New regional centres, such as the Middle East, are surfacing, where shifting trade corridors are a key development. Positioned between the growth markets of central and eastern Europe, Africa and Asia, it is a natural hub for global intra-emerging market trade, and the L/C is an important tool. "L/Cs remain very much a core product of the banks in the Middle East, where traders are inherently cautious and conservative, preferring traditional trade instruments like L/Cs," one Qatar-based banker told DCInsight.
International financial institutions with roots in the northern hemisphere are already equipped with systems offering global reach and tools to ensure regulatory compliance in multiple jurisdictions. They may be well positioned to play key roles in the new world trade order, and are already well ensconced in Dubai, one of the contenders to become the established Middle Eastern hub in the new South-South paradigm.
Chinese influence
According to the World Bank's June 2013 Global Economic Prospects, more than half of developing country exports now go to other developing economies. This trend shows no sign of abating and is likely to feature a move towards financing in the Chinese currency, which according to SWIFT in December 2013, overtook the euro as the second most utilized currency in L/C transactions after the US dollar.

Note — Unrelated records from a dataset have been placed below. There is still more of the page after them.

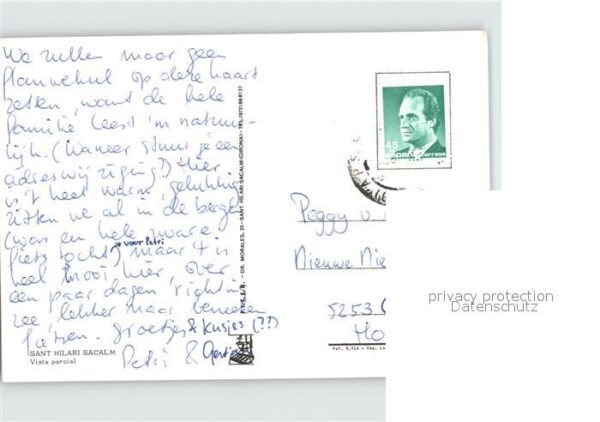 Saint Hilaire Teilansicht – Bild 2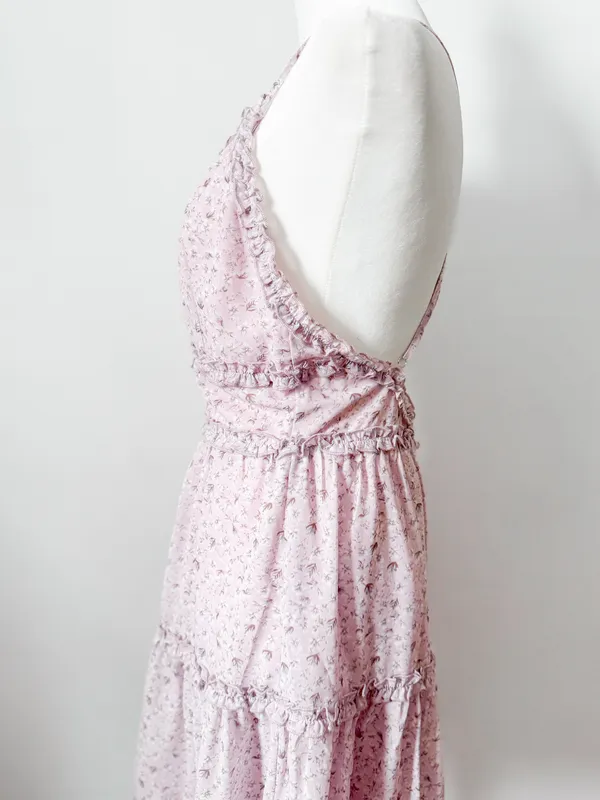 Storia Dress - Image 3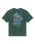 HW Desert Paradise T-Shirt in Trekking Green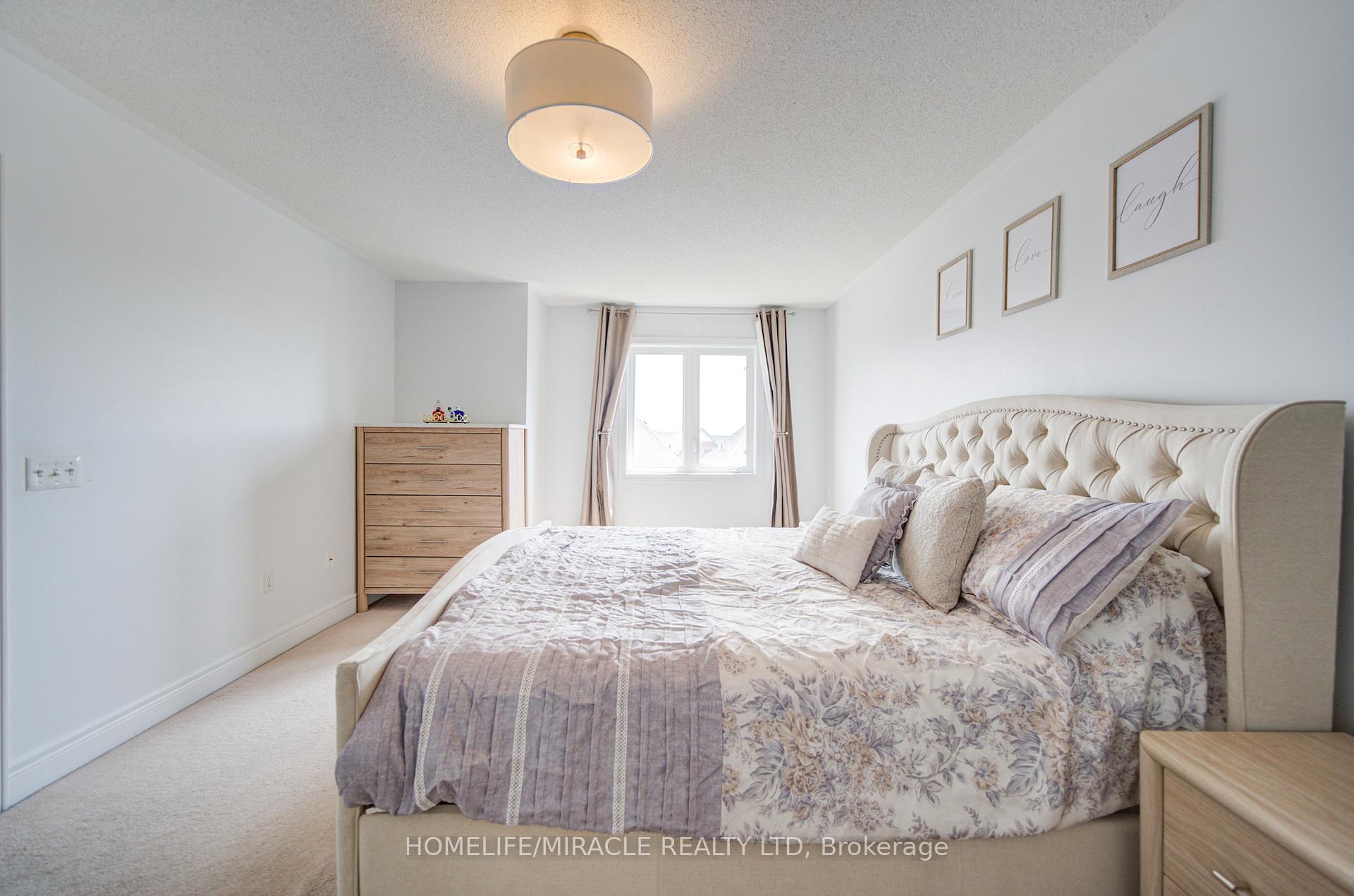Photo 33 of 57 Kersey Crescent, Clarington, Courtice — HOMEH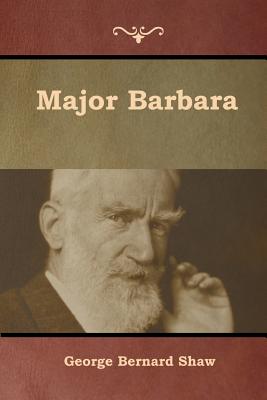 Major Barbara Cover Image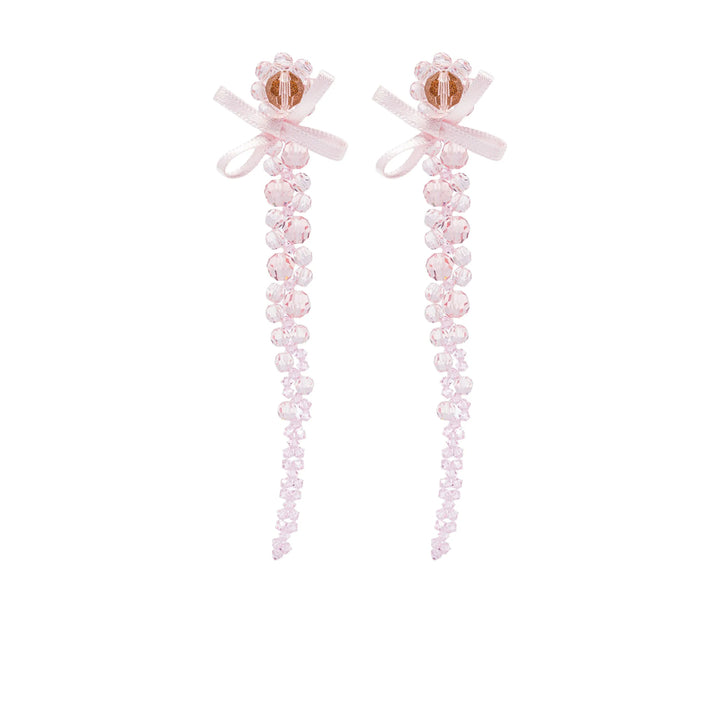Simone Rocha Jewellery - Pink | 6cecd770c2d3ec0453e561bf477ba4a3dbaa665d
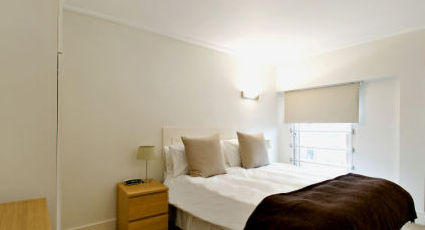 Serviced Apartments Camden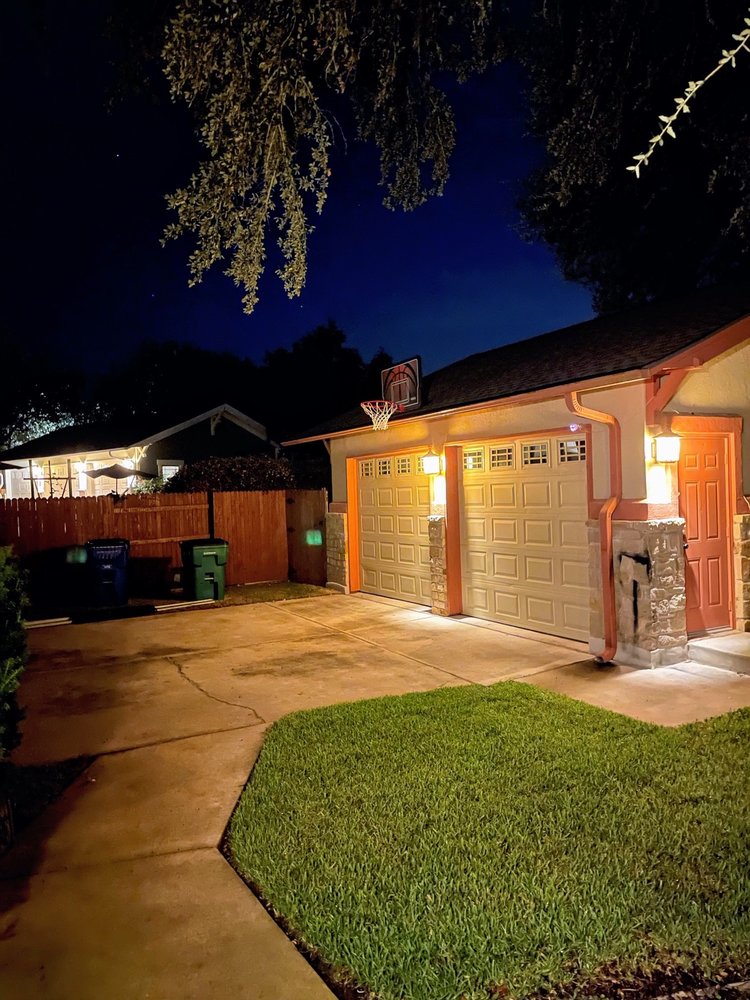 Slide of Jay Puckett, Roofer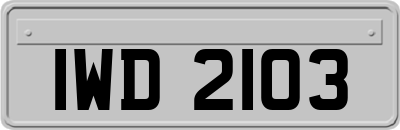 IWD2103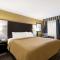 Quality Inn and Suites Fairgrounds - Syracuse - Liverpool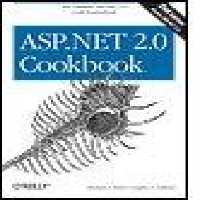خرید و دانلود نسخه کامل کتاب ASPNET Cookbook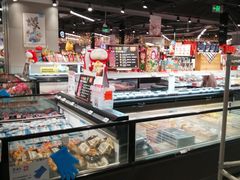 -盒马鲜生(观音桥店)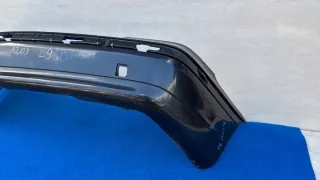 A2038850825 BA151A Бампер задний Mercedes C W203 Арт e12422482, вид 2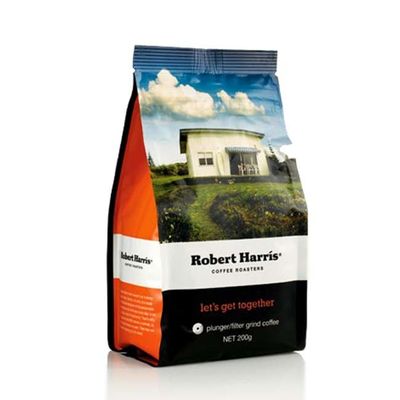 comprar Bolsa de embalagem de café de 240 mm de grau alimentar 32 oz 1 kg Saco de Grãos de Café online manufacture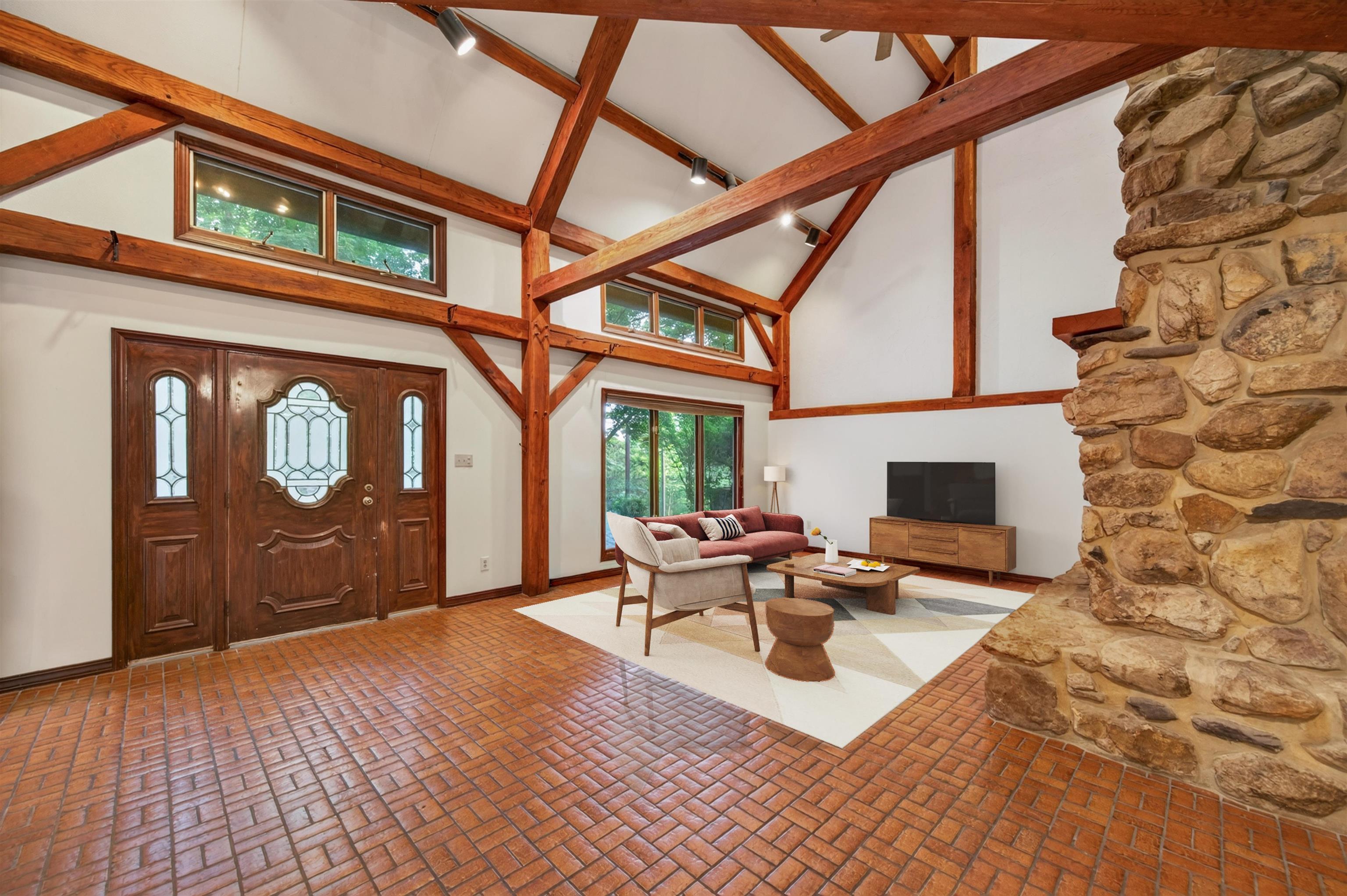 3874 McCoy Road
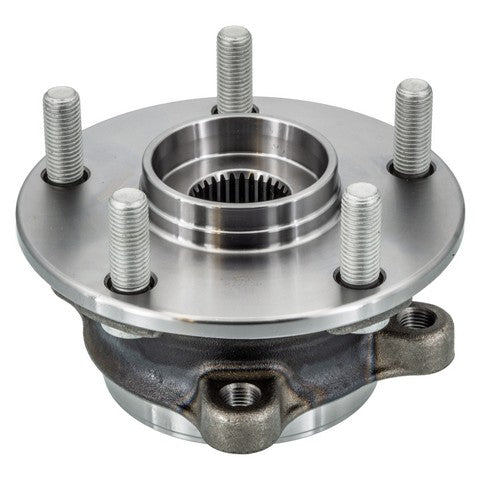 Wheel Bearing and Hub Assembly PTC PT513424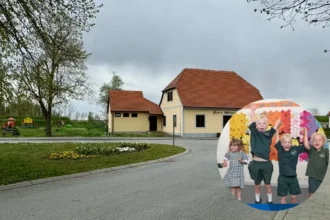 Manifold Heights Incident at 34 Girton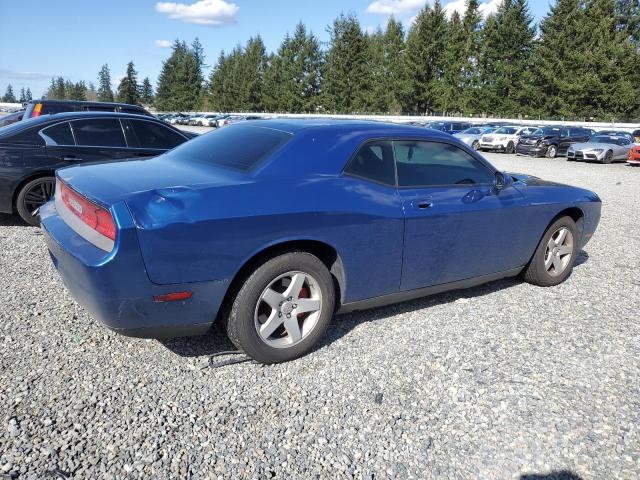 Photo 3 from auction – 2010 DODGE CHALLENGER with VIN 2B3CJ4DVXAH321906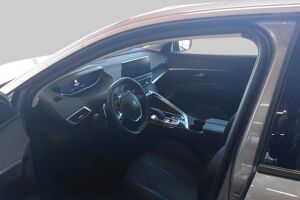 Peugeot 3008 esikatselu 2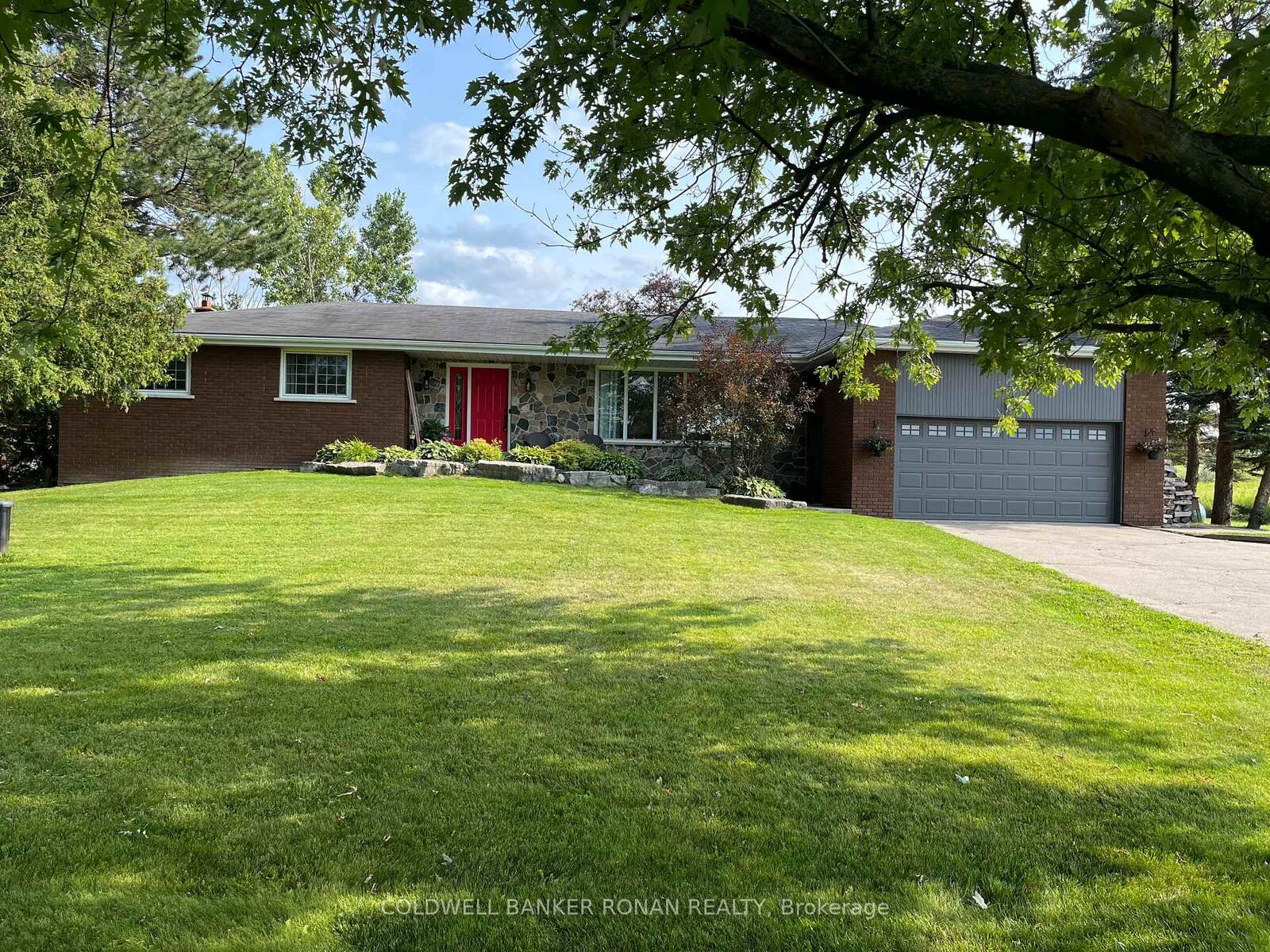 Property Photo: 7157 5th Line ON L0G 1W0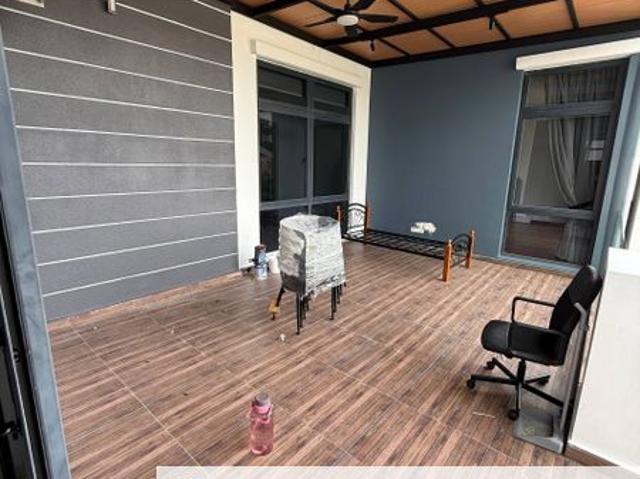 House for sale in Bukit Ledang, Johor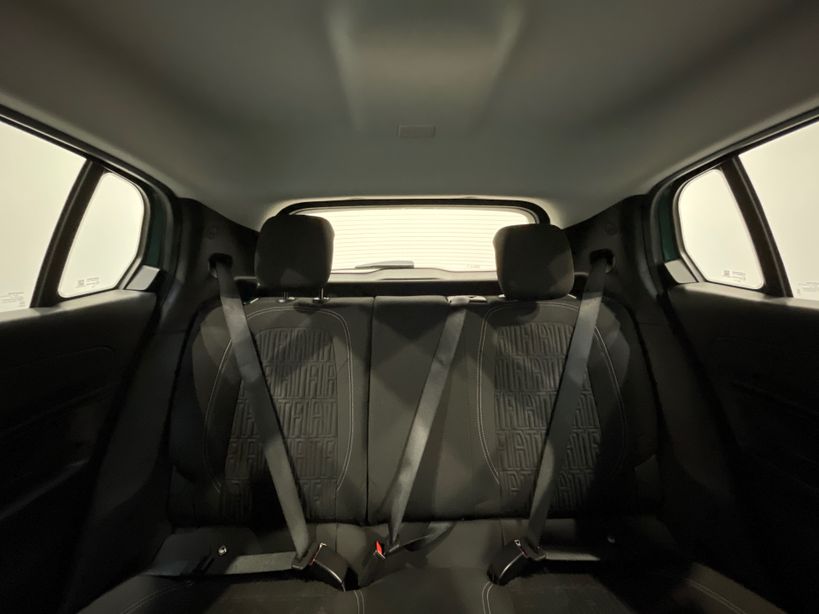 FIAT 600 2024 - Photo n°42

Trade in the Chinese currency will spread beyond Asia. Dubai has ambitions to become the next offshore renminbi (RMB) trading centre, while banks including HSBC, Standard Chartered and local bank Emirates NBD, already provide RMB accounts in the UAE, and several Chinese banks have established branches in the Gulf state. But London has also signed up for RMB services, with Agricultural Bank of China (ABC) and Standard Chartered Bank announcing in December 2013 that they will become the first UK-based banks to offer RMB clearing services.
Local Southern Hemisphere specialists are also emerging to provide L/Cs in the emerging South-South paradigm. Kenya's Equity Bank is targeting Chinese customers in its bid to increase the amount of L/Cs and of other trade finance business it writes. The bank's efforts seek to benefit from China's push for more influence across Africa, and the strategy appears to be working, since the bank reports strong L/C growth on the back of such business.
If China has propelled a substantial amount of L/Cs that made Asia the epicentre of today's L/C market, it seems to be sending a clear signal that the documentary credit is still worth investing in. In December, news emerged that the central bank was set to improve L/C provision on the mainland. The People's Bank of China is expected to establish a trial trading platform at the Shanghai Free Trade Zone, which has already attracted some of China's largest banks.
With Asia's economic powerhouse declaring itself, de facto, an advocate of the L/C as a valuable tool for a growing economy, it surely behooves those looking for future documentary credit opportunities to identify other economies planning export-led growth similar to those employed by China.
Consigning the L/C to history outside of Asia may well be focusing too much on the current situation and not enough on future prospects.